▶ THE DATA:
----------------------------------------

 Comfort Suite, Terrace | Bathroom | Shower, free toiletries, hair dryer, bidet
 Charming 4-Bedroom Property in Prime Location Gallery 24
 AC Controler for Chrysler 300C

----------------------------------------

▶ WHAT IS EXPECTED: Return the listing above in full, character for character.

▶ OUTPUT FOR THIS EXERCISE:
 Comfort Suite, Terrace | Bathroom | Shower, free toiletries, hair dryer, bidet
 Charming 4-Bedroom Property in Prime Location Gallery 24
 AC Controler for Chrysler 300C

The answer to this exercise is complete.